El régimen del monotributo sube sus topes un 14.3%, impactando en la facturación permitida y el valor de las cuotas mensuales. Conocé cómo afecta a cada categoría y qué hacer ante la «trampa» de exclusión.
El escenario fiscal para 2026 trae novedades inmediatas para los más de 4 millones de monotributistas que operan en Argentina. Según Noticias Argentinas, los topes máximos de facturación y los valores de las cuotas del Monotributo se actualizaron en un 14.3%, un ajuste que refleja la inflación del segundo semestre de 2025.
Este cambio, que rige desde el pago de enero que se abona en febrero, modifica los límites para permanecer en el régimen simplificado, especialmente para quienes están en los extremos de las categorías.
El detalle de la actualización y la «trampa» de exclusión que pocos ven
La actualización homogénea del 14.3% impacta en todas las categorías de la A a la K. Por ejemplo, la categoría K, la más alta, vio su tope de facturación anual elevarse de $94.8 millones a $108.3 millones. Perojo aclaró un punto crucial para evitar confusiones: este límite se evalúa sobre los últimos 12 meses de facturación real, no es un promedio mensual.

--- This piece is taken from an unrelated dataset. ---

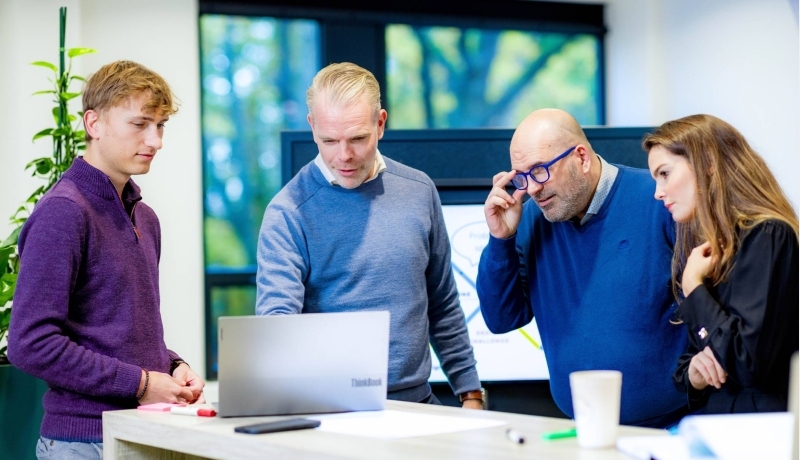Studenten van de master Business Sales in overleg.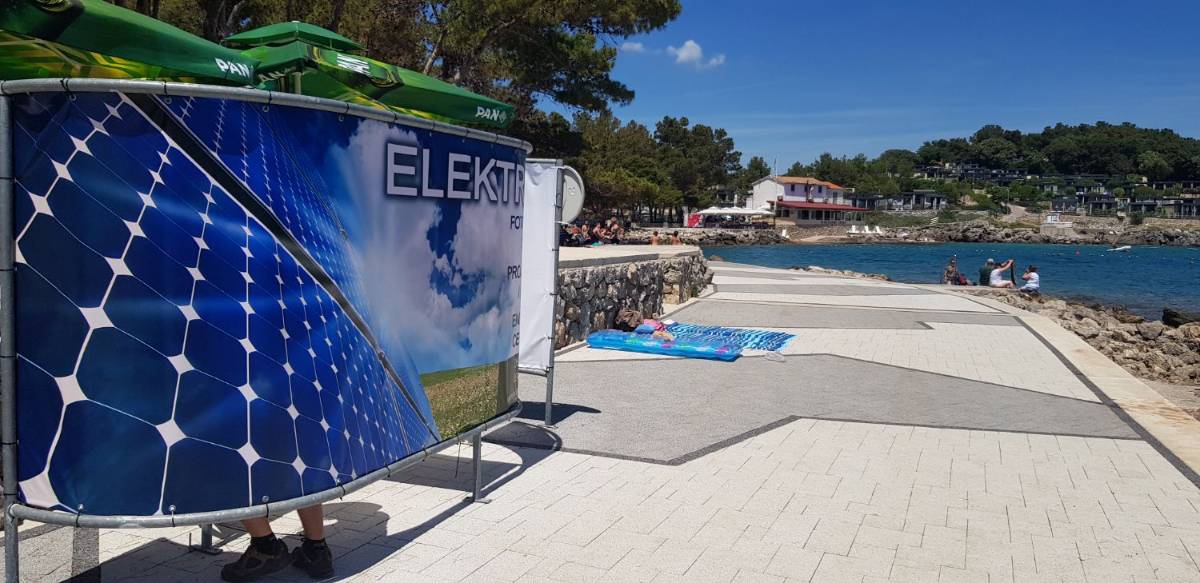 Reklamni pano na kabinama za presvlačenje na plaži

Sin embargo, el especialista lanzó una advertencia clave sobre lo que llamó la «trampa» de la exclusión. Quienes en diciembre de 2025 estaban cerca del límite máximo de su categoría deben prestar especial atención: la recategorización de enero se realiza comparando la facturación de los últimos 12 meses contra las escalas antiguas (las de 2025). «Si vos estabas muy cerca de excluirte en enero, al 31 de ese mes, los doce meses que mirás para atrás para verificar si no te excluiste son con las escalas viejas», explicó el contador. Esto significa que un pequeño exceso en diciembre podría derivar en una exclusión no prevista.

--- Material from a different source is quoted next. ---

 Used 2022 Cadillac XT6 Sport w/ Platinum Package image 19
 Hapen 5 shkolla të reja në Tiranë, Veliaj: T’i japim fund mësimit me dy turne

Ganancias y Bienes Personales: más deducciones y un impuesto que se extingue
Los cambios no se limitan al monotributo. Para los trabajadores en relación de dependencia, los montos mínimos no imponibles del Impuesto a las Ganancias también se actualizaron en un 14.8%. Esto eleva las franjas de exención, por ejemplo, a $2.49 millones para una persona soltera sin hijos, y a $3.3 millones para un matrimonio con dos hijos donde solo uno percibe ingresos.
Perojo destacó una deducción especialmente valiosa y a veces subutilizada: la de alquileres. Los inquilinos con contrato registrado pueden deducir el 40% de lo abonado (con un tope) más un 10% adicional sin tope, pudiendo llegar a descontar hasta la mitad del monto del alquiler en su declaración.
En cuanto al Impuesto a los Bienes Personales, la tendencia es clara: su eliminación progresiva avanza. Los mínimos no imponibles para 2025 ya son altos (US$280.000, excluyendo la vivienda y dólares bancarizados). Además, las alícuotas máxima continúan bajando: será del 0.75% en 2026y del mero 0.25% en 2027. «Ahí vence el impuesto», proyectó Perojo, anticipando su virtual desaparición para 2028.
Un año de hipereficiencia para las PyMEs y el consejo sobre el dólar tarjeta
Frente a este panorama, Perojo fue contundente sobre el desafío que enfrentan las pequeñas y medianas empresas. Si 2025 ya fue un año para ser «hipereficientes», 2026 parece que va a ser aún peor en esfuerzo para ser eficientes, advirtió, citando la apertura de importaciones y la volatilidad cambiaria como factores clave.
Finalmente, dio un consejo práctico sobre el dólar tarjeta. Quienes deben afrontar la percepción del 30% pueden deducirla en Ganancias o Bienes Personales si están inscriptos. Para quienes no lo están, existe la opción de solicitar la devolución mes a mes a través del servicio de ARCA, aunque el trámite es engorroso. La estrategia más simple para evitarla es pagar el resumen de la tarjeta directamente en dólares, comprando dólar MEP u oficial según convenga, planificando con antelación.